Page 16 of Escaping the Bratva

“I’m here for you.”

“Why? It's been twelve years. What have you been doing for twelve damn years?”

None of this makes sense. In the normal world, if you want to get back together with your ex, you’d send them a message on social media six months after the break up, not disappear for twelve years with no contact and randomly pop back up.

He rubs the back of his neck. “I did a lot of bad things that I’m not proud of. I made a lot of money and I served my time. That part of my life is over now. I’m starting over. I’m launching a business in just a couple months.”

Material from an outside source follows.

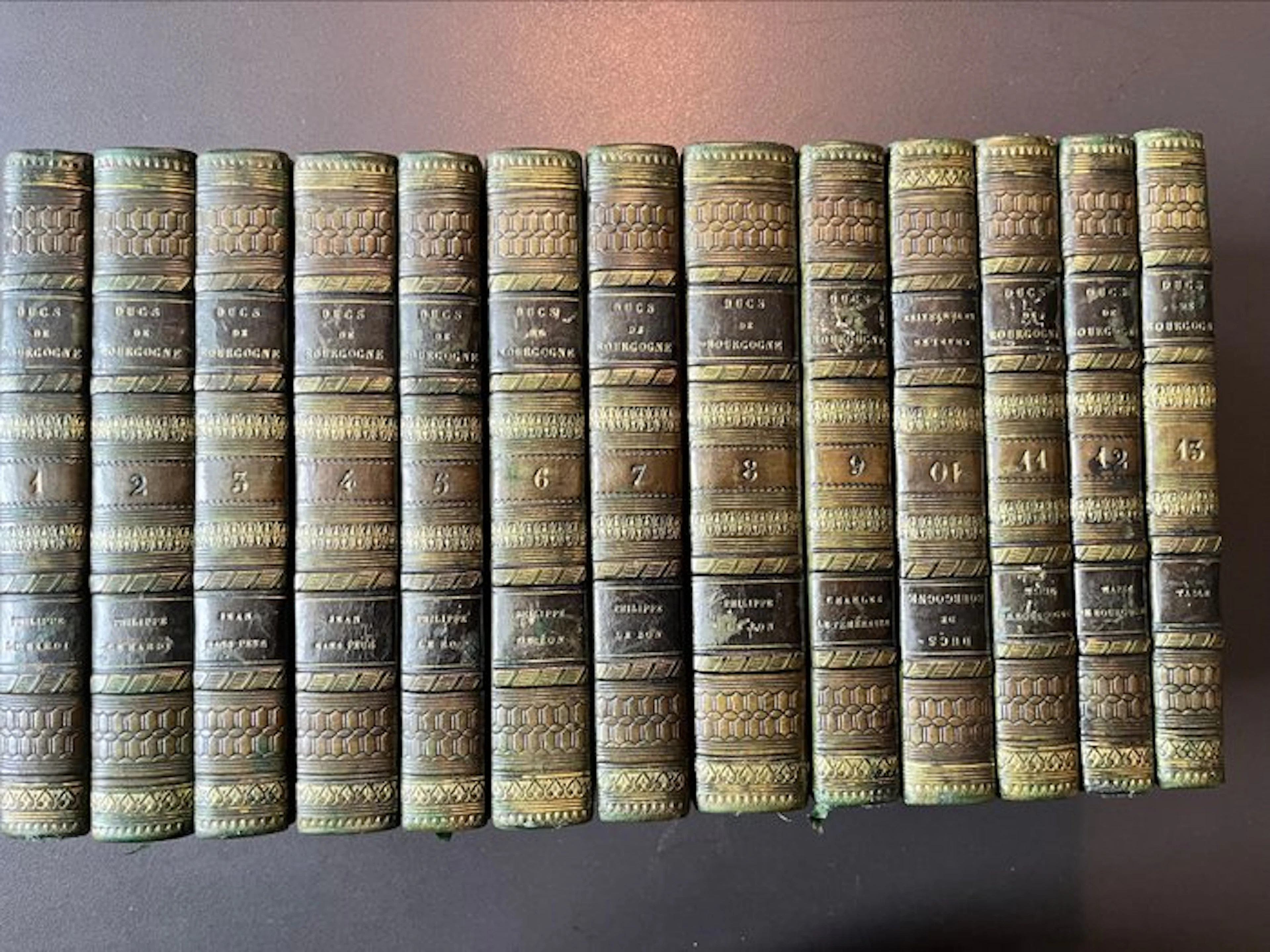 M. de Barante - Histoire des Ducs de Bourgogne - Édition originale - 13 volumes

“And what? You thought I’d just be happy to jump into a relationship with you because you decided to finally change your life around? Why couldn’t you do that twelve years ago when I asked you to?” My voice catches on the last sentence, and I swallow the lump that’s formed in my throat. Twelve years of pain and hurt try to surface, but I cram them back down. His eyes fill with regret, but I can’t fucking look at him, so I look down at the table. Why the hell did he have to show up like this? My life is perfect. I have the career that I built for myself. My days look how I want them to, and here he comes, trying to throw a wrench in everything.

“I was stupid then—”

“Yeah, you think?”

“I felt like I didn’t have any other choice, and after I lost you, I didn’t have a reason to go straight. What was the point in living an honest life when there was no one to live it with?”

“So what about now? If I say I don’t want anything to do with you, you’re going to go back to getting in trouble?”

He shakes his head. “I couldn’t go back if I wanted to. I’d be dead. I have too many enemies. I’m not going to give up on you. Even if you were married with a couple kids, I wouldn’t give up on us.”

I scoot my chair back and stood from the table. “You’re wasting your time.”

He grabs my hand before I can storm off. “Tell me right now that you haven’t been thinking about me for these last twelve years.”

I want to tell him that I haven’t. I want to tell him I’ve completely forgotten about the short time we had together, and I’ve had better, more passionate, and stable relationships, but I won’t lie.

His lips turn into that stupid smirk of his and he lets me go. I rush into my bedroom, feeling like a child running away from my problems, but I don’t care. I don’t know how to deal with him right now. Once I’m inside the room, I let my tears fall down my cheeks. I hear him gather up our trash, and not long afterwards, the front door shuts.